### What to do
Starting from the line with "厂家供应塑料大棚遮阳网 大棚防尘网 质量保证图2" and going up to and including the line with "Lelo Personal Moisturizer", copy the listing below exactly. Leave all images out.

### The data
· · · · ·
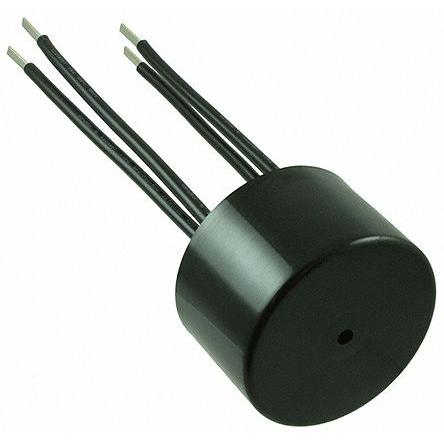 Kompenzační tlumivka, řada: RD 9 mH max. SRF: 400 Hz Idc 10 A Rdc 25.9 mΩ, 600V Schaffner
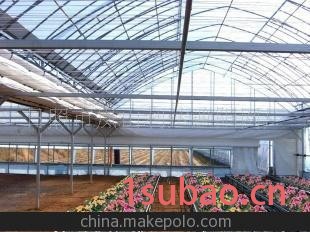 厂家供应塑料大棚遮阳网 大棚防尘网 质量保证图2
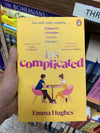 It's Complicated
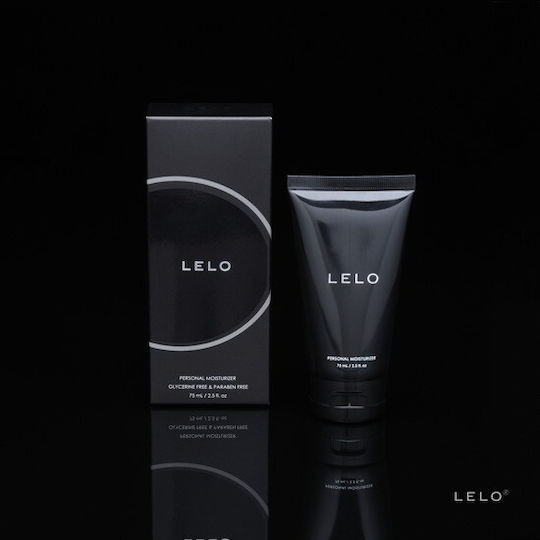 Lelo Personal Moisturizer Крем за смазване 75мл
· · · · ·
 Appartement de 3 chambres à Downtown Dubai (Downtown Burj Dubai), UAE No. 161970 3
· · · · ·
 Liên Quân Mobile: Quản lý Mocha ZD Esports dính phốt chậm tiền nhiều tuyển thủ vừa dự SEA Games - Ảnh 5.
· · · · ·
### Exercise response
 厂家供应塑料大棚遮阳网 大棚防尘网 质量保证图2
 It's Complicated
 Lelo Personal Moisturizer Крем за смазване 75мл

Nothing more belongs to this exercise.